With ‘Preemption’ Laws, States Seek to Stem the Tide of City Minimum Wage Hikes

Tuesday August 30th, 2016

Minimum-WageThe federal minimum wage has remained at $7.25 per hour since 2009, and it’s unlikely that workers will see it rise anytime soon. Some states have a higher minimum wage but most of them are capped at $10 per hour. As a result, many city and local governments have taken matters into their own hands and passed higher minimum wage laws for their workers.

There are currently 34 cities with a minimum wage that’s higher than their state’s minimum wage, according to Bloomberg BNA data. And 18 of those cities are in California alone.

While the majority of workers support a higher minimum wage, some states are far less supportive of these laws. City and local minimum wage advocates argue that a higher minimum wage is necessary—particularly in cities with a higher cost of living.

Opponents argue that too much variation between federal, state and city minimum wage requirements creates too many regulations with which employers must comply. It is also a financial burden, which can force businesses to close and move to other cities with lower minimum wages or move to states with minimum wage preemption laws in place.

State Preemption Laws

In response to these city and local wage laws, some states have started passing preemption laws—effectively banning cities and locals from implementing higher minimum wages.

The legal standard known as Dillon’s Rule makes it possible for states to preempt city and local minimum wage laws. Put simply, Dillon’s Rule says that passing laws at the local level is not a legislative right expressly granted to municipalities.

Preemption allows state laws to take precedence over local laws that conflict with state requirements. When a state preempts a city or local minimum wage law, that new (likely higher) minimum wage cannot be enforced.

In 2011, Indiana became the first state to pass a preemption law prohibiting localities from establishing minimum wages higher than federal or state requirements. Since then, 20 other states have passed similar laws, including Alabama, Arizona, Colorado, Florida, Georgia, Idaho, Kansas, Louisiana, Michigan, Mississippi, Missouri, North Carolina, Oklahoma, Oregon, Rhode Island, South Carolina, Tennessee, Texas, Utah and Wisconsin.

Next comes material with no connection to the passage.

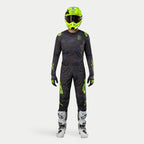 Pilote de motocross Alpinestars en tenue complète, Maillot Techstar Rantera 2024 noir, bleu marine et jaune fluo, pantalon assorti à motif abstrait, casque jaune fluo, bottes blanches et noires, équipement de course coordonné pour le tout-terrain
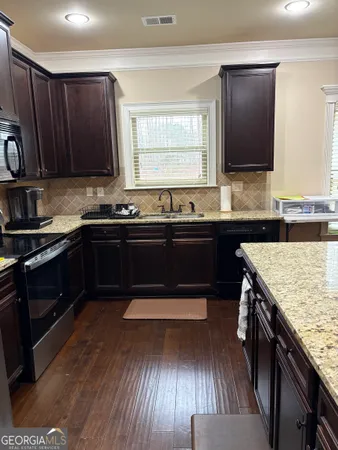 a kitchen with wooden cabinets and sink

Challenging State Preemption Laws

Despite the legal hurdle that Dillon’s Rule creates for cities and locals looking to challenge state bans on local laws, some cities are challenging their states’ preemption laws anyway. For example:

  • Birmingham, Alabama passed a minimum wage law set to take effect this year but the law was voided by a state preemption law signed by the governor the day after the wage law took effect. A worker advocacy group is challenging the law in court on civil rights grounds.
  • A Missouri court stopped St. Louis from implementing its minimum wage law. The case is currently under appeal, with the Missouri Supreme Court set to hear it in October 2016.
  • Finally, Miami Beach plans to proceed with a challenge to Florida’s ban on local wages when the city’s minimum wage takes effect in 2018.

What Happens Now?

There is no end in sight to cities and locals passing minimum wage laws—and to states preempting such laws. Employers should closely monitor the states and cities they operate in to ensure they’re in compliance with local wage laws and are aware of any state challenges to those laws.